=== ENTRIES PROVIDED ===

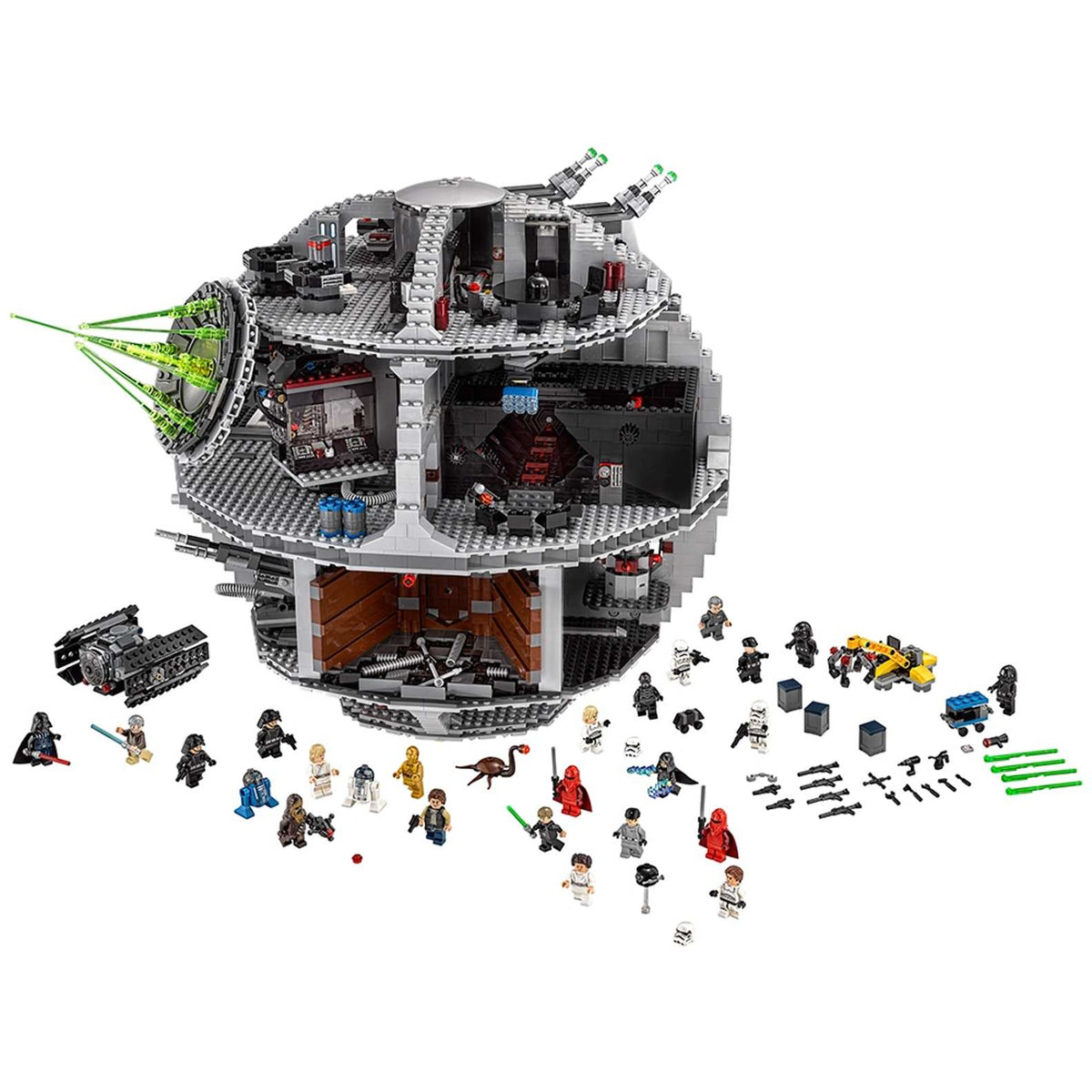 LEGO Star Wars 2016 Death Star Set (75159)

===
=== ENTRIES PROVIDED ===

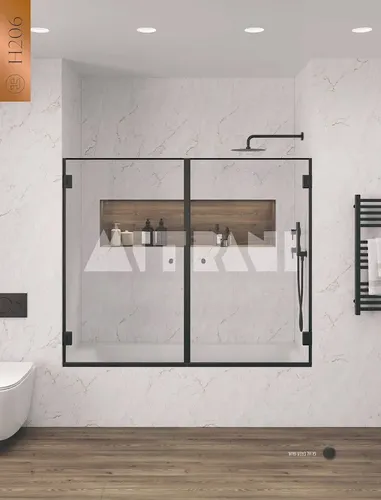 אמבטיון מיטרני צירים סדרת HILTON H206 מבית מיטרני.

===
=== ENTRIES PROVIDED ===

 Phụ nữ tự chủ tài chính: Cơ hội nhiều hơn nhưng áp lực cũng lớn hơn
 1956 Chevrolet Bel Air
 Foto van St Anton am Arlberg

===

HOW TO COMPLETE THIS TASK → Lines wanted from the listing above: the line with "1956 Chevrolet Bel Air" up to and including the line with "Foto van St Anton am Arlberg". Please write them out exactly, adding nothing else.

THE ANSWER →
 1956 Chevrolet Bel Air
 Foto van St Anton am Arlberg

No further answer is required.